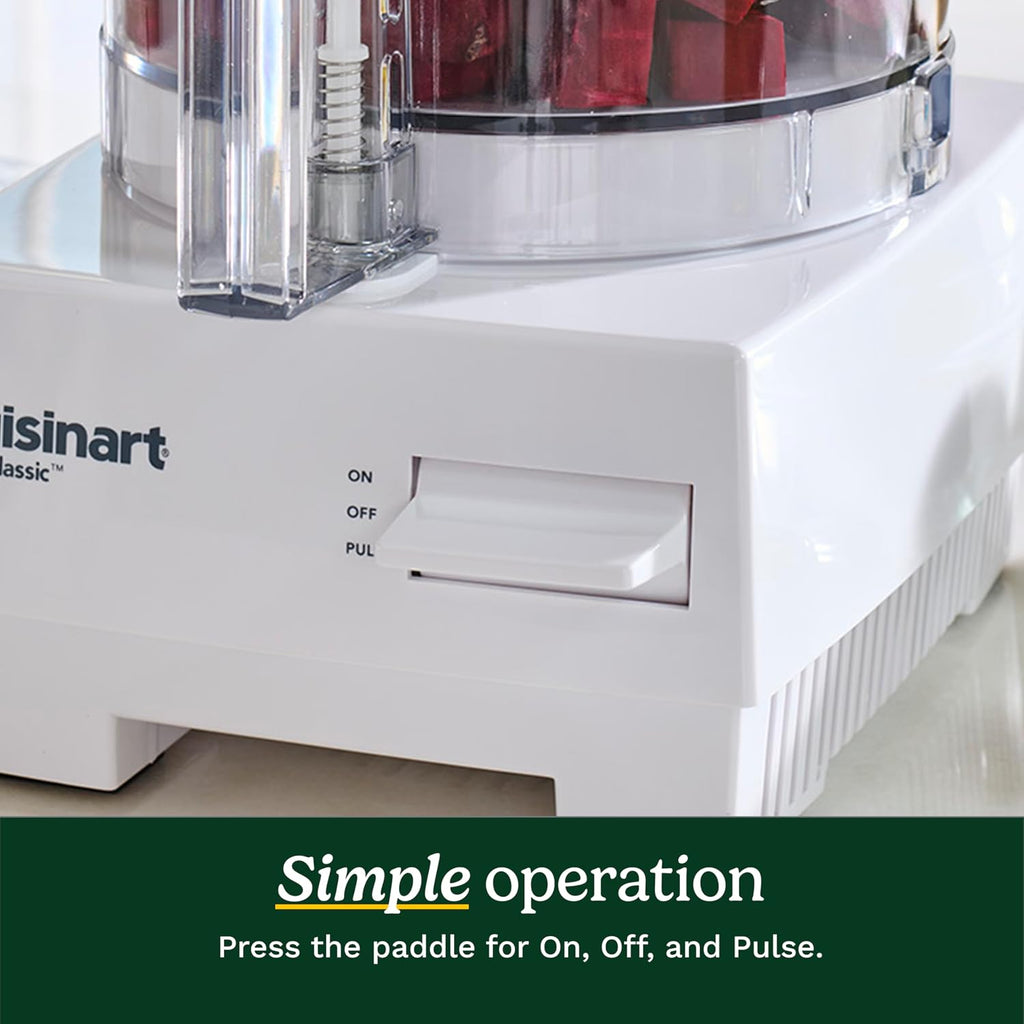 Cuisinart DLC-10SYP1 - Procesador de alimentos de 7 tazas, motor de 600 vatios, blanco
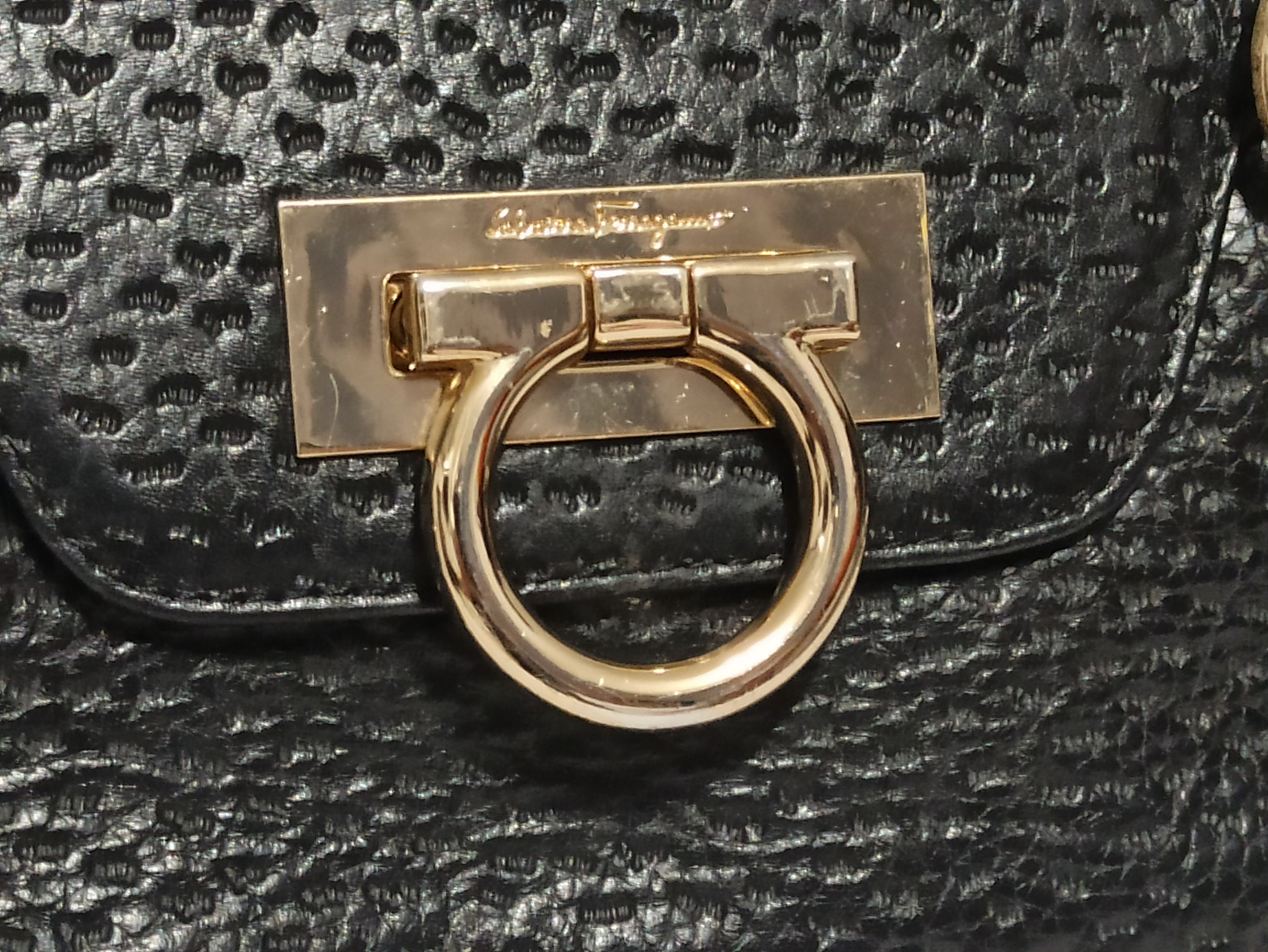 Salvatore Ferragamo Salvatore Ferragamo vintage leather handbag Size ONE SIZE - 7 Thumbnail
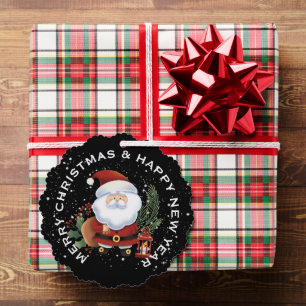 CARTE DÉCORATIVE JOLLY PÈRE NOËL, NOËL PERSONNALISÉ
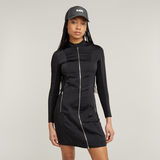 G-STAR Outlet Moto Fitted Dress Black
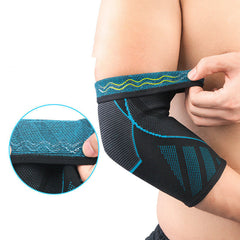 Sports elbow pads – knitted, non-slip & compressive for training and exercise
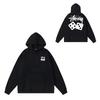 Mens Oversized Hooded Sweatshirt With Letter Print Heavyweight Cotton Winter Streetwear Style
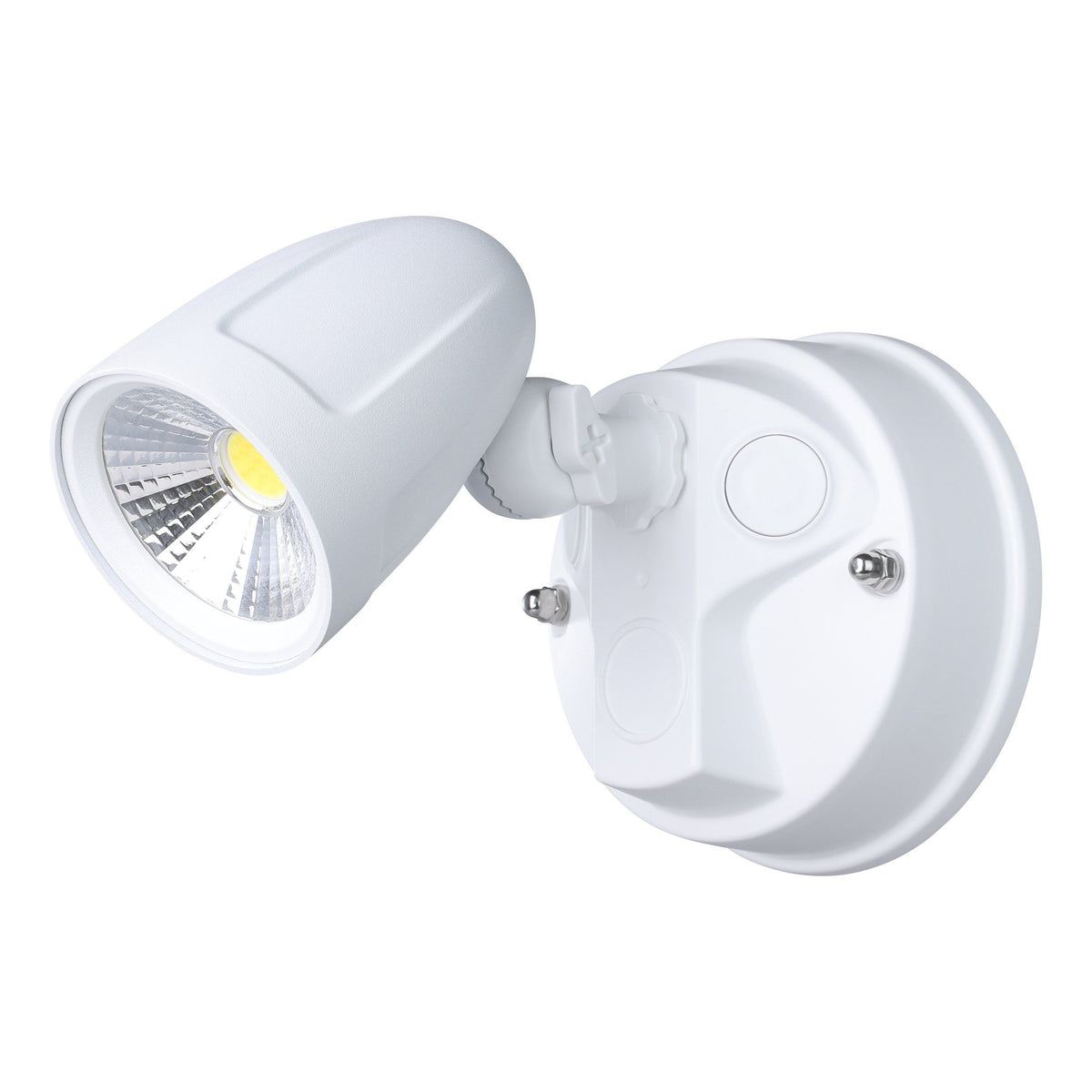 Chopper-2 1 Light White Aluminium Exterior Security Spot Light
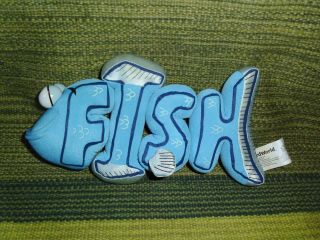 Word World Blue Fish Plush Toy Magnetic Magnet Stuffed Animal 9 " Pbs Kids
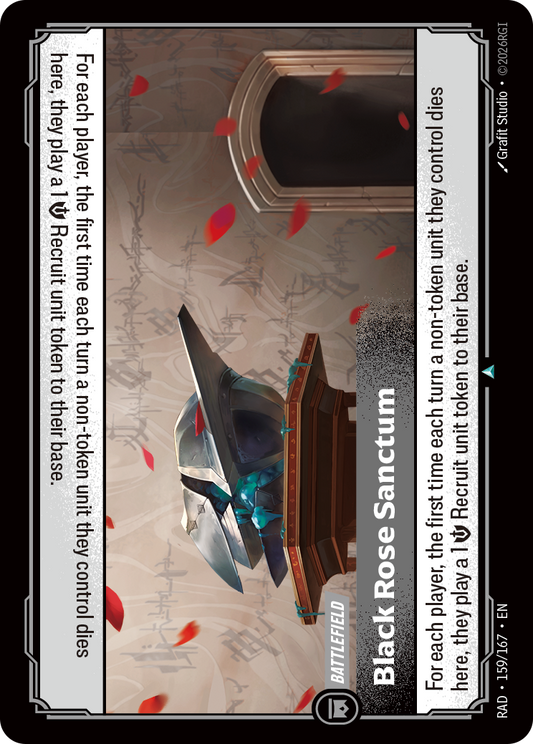 Black Rose Sanctum (Uncommon) [ Inglese / Cinese Semplificato ]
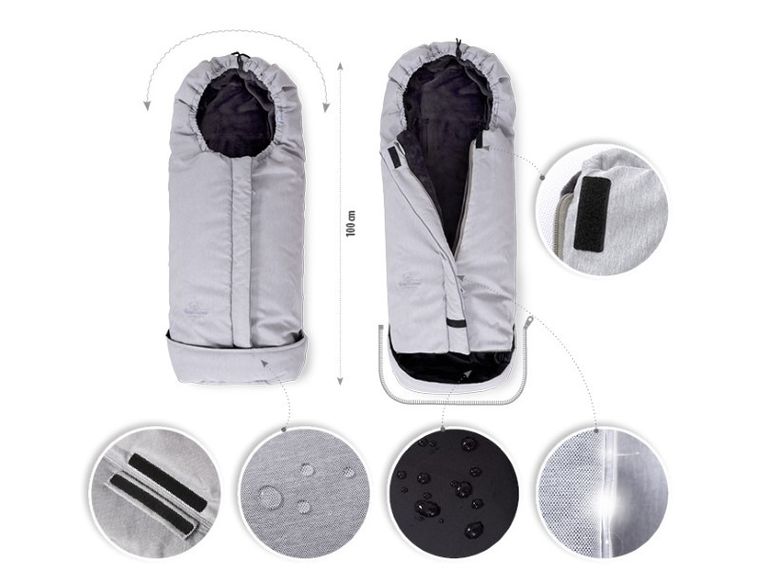 BabyMatex, Triton, Footmuff, sac de dormit de iarna pentru carucior, bleumarin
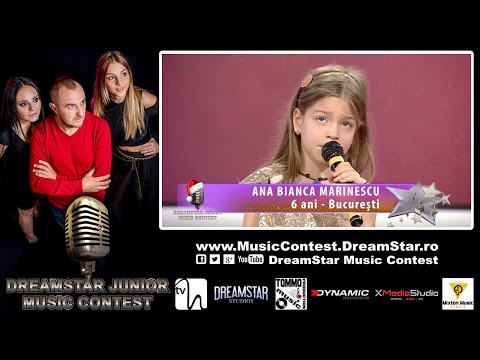 Ana Bianca Marinescu - Once Upon a December (live) | DreamStar Junior Music Contest | Ed. 5 Sez. 1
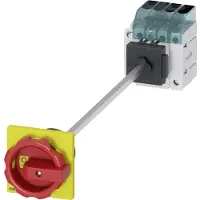 Siemens Lasttrennschalter Rot, Gelb 4polig 16 mm² 40 A 1 Schließer, 1 Öffner 690 V/AC 3LD33481TL53, 4P, IP65, 60 mm, 68 mm, 83 mm, 420 mm
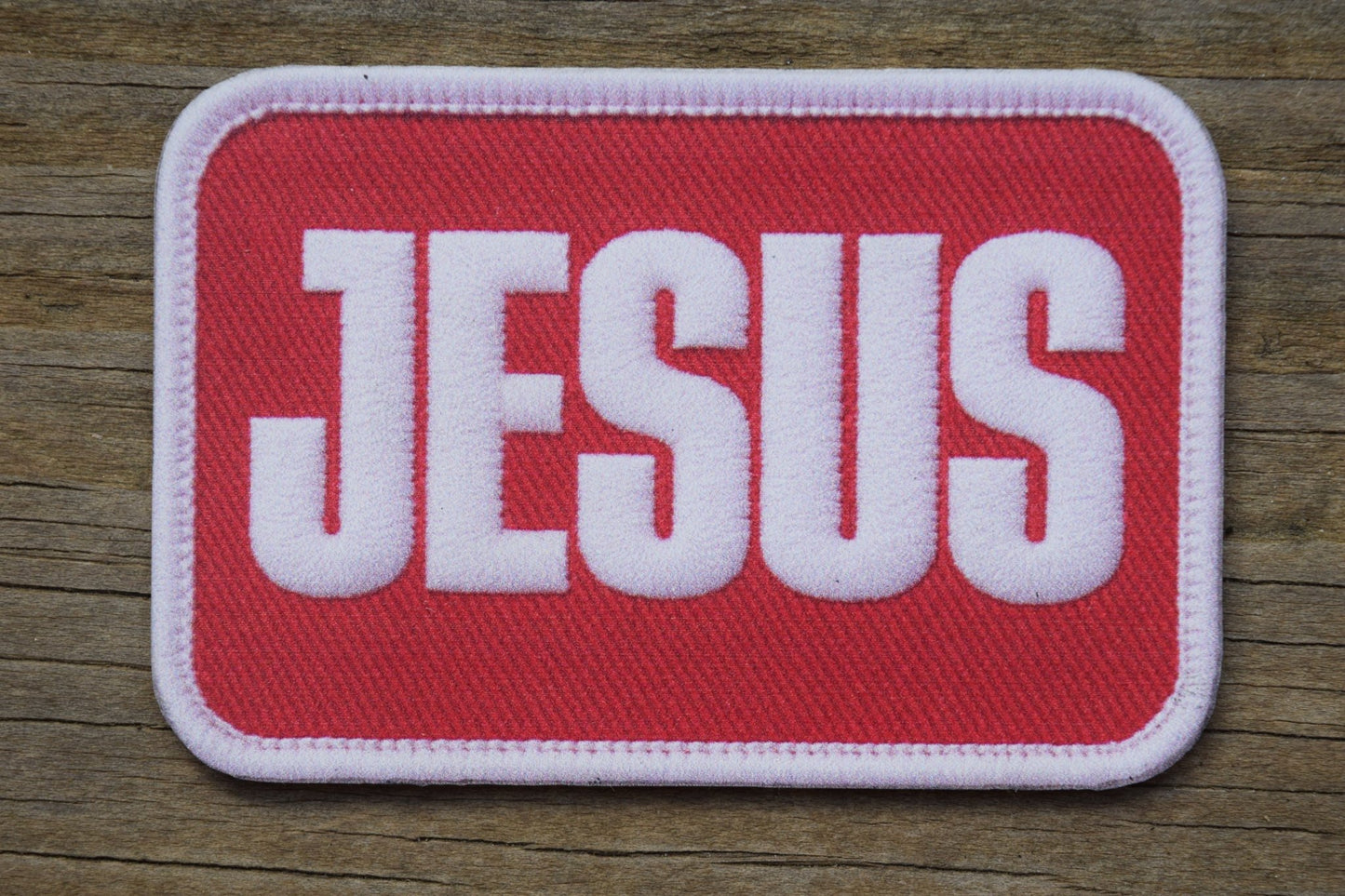 "JESUS" UV Printed Patches - LoneStar Adhesive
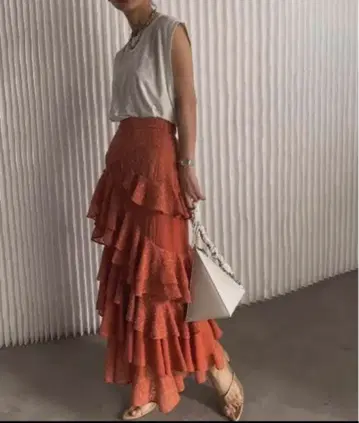 AMERI FRILLY LACE TIERED SKIRT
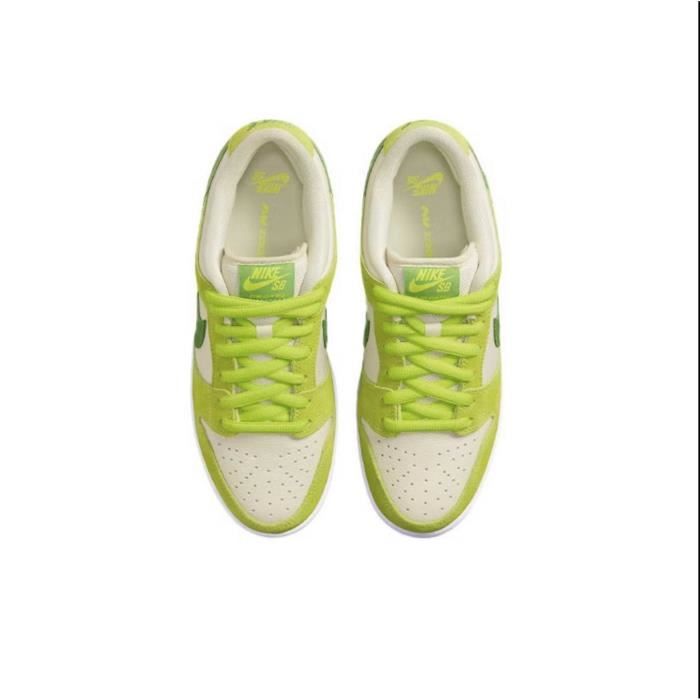 Nike SB Dunk Low pro Sour Apple tendance retro Casual chaussures hommes femmes meme Beige vert pomme Chaussures de basket Cdiscount Chaussures
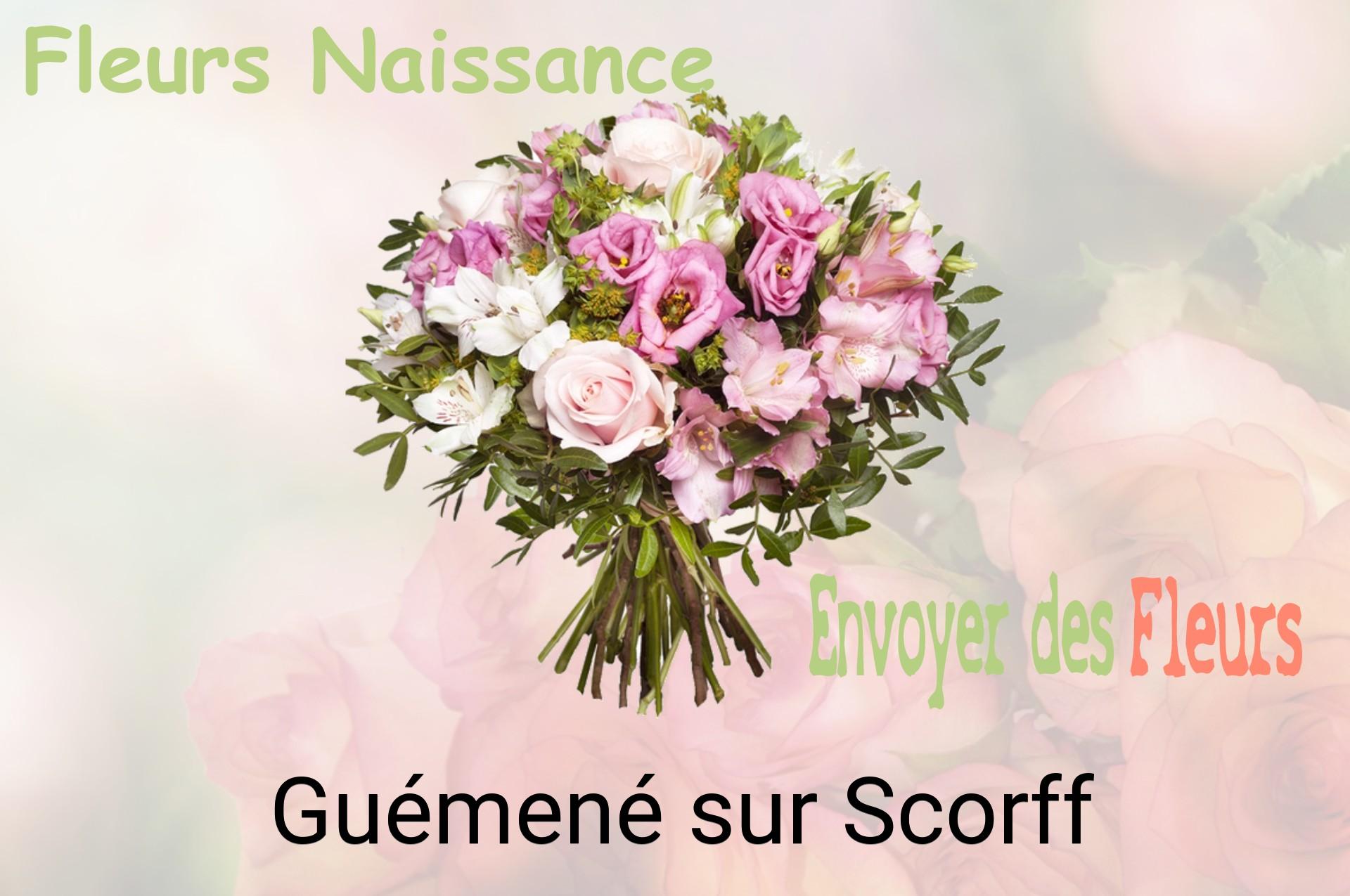 Bouquet de fleurs de naissance livré à Guémené-sur-Scorff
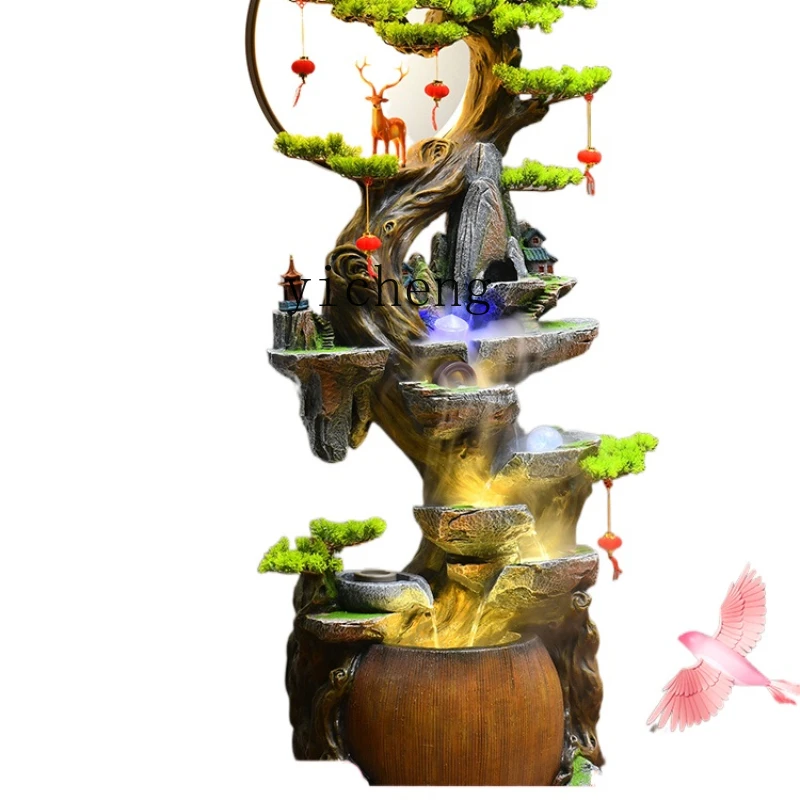 XL Decorative Partition Water Fountain Floor Ornaments Rockery Landscape Circulating Water Fish Tank
XL Decorative Partition Water Fountain Floor Ornaments Rockery Landscape Circulating Water Fish Tank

·····

## [What the task asks]
Repeat the line containing "Nike SB Dunk" and every line after it up to the end of the material above, exactly as they stand, minus the pictures.

## [Result below]
 Nike SB Dunk Low pro Sour Apple tendance retro Casual chaussures hommes femmes meme Beige vert pomme Chaussures de basket Cdiscount Chaussures
 Bouquet de fleurs de naissance livré à Guémené-sur-Scorff
 XL Decorative Partition Water Fountain Floor Ornaments Rockery Landscape Circulating Water Fish Tank
XL Decorative Partition Water Fountain Floor Ornaments Rockery Landscape Circulating Water Fish Tank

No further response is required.